Banks that are members of the Global ATM Alliance charge no transaction fees for cash withdrawals at other Alliance member ATMs; these include Bank of America, Scotiabank, Barclays, Deutsche Bank, and BNP Paribas.

Traveler's Checks

Traveler's checks are only accepted at selected branches of the Bank of China, at foreign exchange desks in hotels, at international gateways, and at some department stores in the largest cities. In the most popular destinations, checks in any hard currency and from any major company are welcome, but elsewhere, currencies of the larger economies are preferred, and hotels may direct all check-holders to the local head office of the Bank of China. U.S. dollars cash, in contrast, may be exchanged at most branches of almost any Chinese bank, so even if you plan to bring checks, having a few U.S. dollars cash (in good condition) for emergencies is a good idea. Checks attract a marginally better exchange rate than cash, but the .75% commission makes the result slightly worse (worse still if you paid commission when buying them). Occasionally, if the signature you write in front of the teller varies from the one you made when you bought the check, it may be rejected. In Hong Kong and Macau, checks are accepted at banks and money-changers in the usual way.

Credit Cards

Upscale hotels, restaurants, and some large tourist-oriented shops usually accept the full gamut of cards (American Express, Diners Club, MasterCard, and Visa), but outside of these places their use is limited. Although Visa and MasterCard signs abound, in many cases only the Chinese versions of the cards are accepted.
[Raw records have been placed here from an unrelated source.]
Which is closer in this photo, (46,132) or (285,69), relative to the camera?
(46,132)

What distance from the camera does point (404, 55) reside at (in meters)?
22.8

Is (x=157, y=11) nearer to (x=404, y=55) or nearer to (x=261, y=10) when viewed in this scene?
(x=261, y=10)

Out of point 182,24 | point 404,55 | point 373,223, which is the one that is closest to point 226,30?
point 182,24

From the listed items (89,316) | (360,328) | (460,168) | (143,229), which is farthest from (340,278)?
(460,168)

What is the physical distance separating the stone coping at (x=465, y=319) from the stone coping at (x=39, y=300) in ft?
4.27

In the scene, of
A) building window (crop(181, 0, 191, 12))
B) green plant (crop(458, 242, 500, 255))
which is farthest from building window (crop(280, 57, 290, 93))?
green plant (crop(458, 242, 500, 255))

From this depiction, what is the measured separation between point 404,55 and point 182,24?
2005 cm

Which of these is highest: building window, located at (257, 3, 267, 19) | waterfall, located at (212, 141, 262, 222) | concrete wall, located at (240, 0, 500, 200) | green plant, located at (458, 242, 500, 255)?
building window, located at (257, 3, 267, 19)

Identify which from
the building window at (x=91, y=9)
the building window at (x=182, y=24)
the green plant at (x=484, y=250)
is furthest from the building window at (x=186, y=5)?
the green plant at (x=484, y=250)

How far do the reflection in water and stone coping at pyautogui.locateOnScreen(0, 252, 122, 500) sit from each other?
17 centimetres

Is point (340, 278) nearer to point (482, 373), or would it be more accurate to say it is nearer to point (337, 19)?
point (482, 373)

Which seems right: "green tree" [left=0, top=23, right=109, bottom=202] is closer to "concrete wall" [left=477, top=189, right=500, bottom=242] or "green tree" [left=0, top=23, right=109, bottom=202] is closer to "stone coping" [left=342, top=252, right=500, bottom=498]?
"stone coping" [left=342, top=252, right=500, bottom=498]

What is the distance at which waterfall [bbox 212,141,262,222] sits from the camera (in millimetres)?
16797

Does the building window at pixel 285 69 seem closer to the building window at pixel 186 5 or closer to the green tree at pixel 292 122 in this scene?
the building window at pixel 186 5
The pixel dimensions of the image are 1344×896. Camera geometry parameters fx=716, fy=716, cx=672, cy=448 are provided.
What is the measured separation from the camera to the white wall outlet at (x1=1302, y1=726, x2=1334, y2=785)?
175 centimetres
You can also obtain cash advances on your MasterCard, Visa, Diners Club, or Amex card from major branches of the Bank of China, with a minimum withdrawal of ¥1,200 and 4% commission, plus whatever your card issuer charges -- a very expensive way to withdraw cash, and for emergencies only. If you do plan to use your card while in China, it's a good idea to call your card issuer and let it know in advance.
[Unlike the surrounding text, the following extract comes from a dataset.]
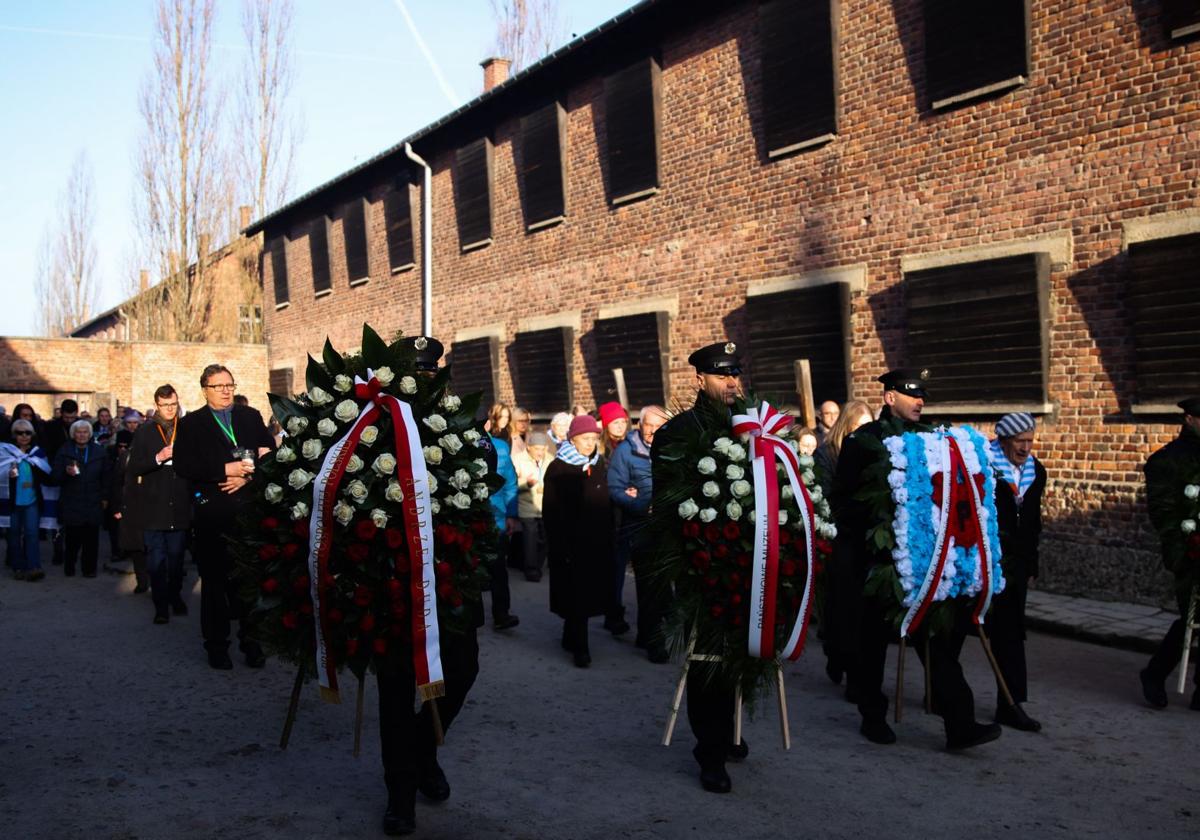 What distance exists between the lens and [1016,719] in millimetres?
6602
All major credit cards are widely accepted in Hong Kong and Macau.

Emergency Cash

American Express also runs an emergency check cashing system, which allows you to use one of your own checks or a counter check (more expensive) to draw money in the currency of your choice from selected banks. This works well in major cities but it can cause confusion in less-visited spots, and the rules on withdrawal limits vary according to the country in which your card was issued. Consult American Express for a list of participating banks before you leave home.
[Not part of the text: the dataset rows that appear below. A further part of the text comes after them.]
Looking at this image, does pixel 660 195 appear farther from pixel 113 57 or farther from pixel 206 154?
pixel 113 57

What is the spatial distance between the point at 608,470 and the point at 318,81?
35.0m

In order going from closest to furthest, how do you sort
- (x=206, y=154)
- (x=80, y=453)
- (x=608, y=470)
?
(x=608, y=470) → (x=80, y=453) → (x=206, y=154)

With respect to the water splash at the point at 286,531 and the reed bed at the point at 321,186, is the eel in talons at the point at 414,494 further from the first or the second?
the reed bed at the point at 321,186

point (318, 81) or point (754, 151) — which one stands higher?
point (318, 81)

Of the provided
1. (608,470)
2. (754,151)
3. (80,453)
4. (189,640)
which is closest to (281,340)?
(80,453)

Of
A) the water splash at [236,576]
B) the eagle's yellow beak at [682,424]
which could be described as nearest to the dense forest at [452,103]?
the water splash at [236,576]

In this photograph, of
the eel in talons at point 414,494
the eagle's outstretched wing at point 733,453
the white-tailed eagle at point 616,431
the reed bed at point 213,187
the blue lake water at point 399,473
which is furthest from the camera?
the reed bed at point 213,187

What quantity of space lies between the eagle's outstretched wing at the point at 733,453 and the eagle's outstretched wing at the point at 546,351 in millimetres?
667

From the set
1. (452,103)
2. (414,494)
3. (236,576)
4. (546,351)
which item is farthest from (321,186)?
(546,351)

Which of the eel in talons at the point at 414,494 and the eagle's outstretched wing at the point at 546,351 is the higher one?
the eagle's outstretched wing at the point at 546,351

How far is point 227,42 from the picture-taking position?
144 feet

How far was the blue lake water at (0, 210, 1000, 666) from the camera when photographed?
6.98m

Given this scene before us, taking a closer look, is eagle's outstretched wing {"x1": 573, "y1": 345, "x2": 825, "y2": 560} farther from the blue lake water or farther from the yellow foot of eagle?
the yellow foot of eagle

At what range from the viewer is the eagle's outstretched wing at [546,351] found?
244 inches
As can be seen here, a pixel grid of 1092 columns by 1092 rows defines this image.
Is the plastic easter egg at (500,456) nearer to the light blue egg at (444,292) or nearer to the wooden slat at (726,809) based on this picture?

If you're stuck in a province where banks are closed on weekends, you can have money wired from Western Union (tel. 800/325-6000; to many post offices and branches of the Agricultural Bank of China across China. You must present valid ID to pick up the cash at the Western Union office. In most countries, you can pick up a money transfer even if you don't have valid identification, as long as you can answer a test question provided by the sender. This should work in Hong Kong but might cause difficulties in mainland China. Let the sender know in advance that you don't have ID.

Note: This information was accurate when it was published, but can change without notice. Please be sure to confirm all rates and details directly with the companies in question before planning your trip.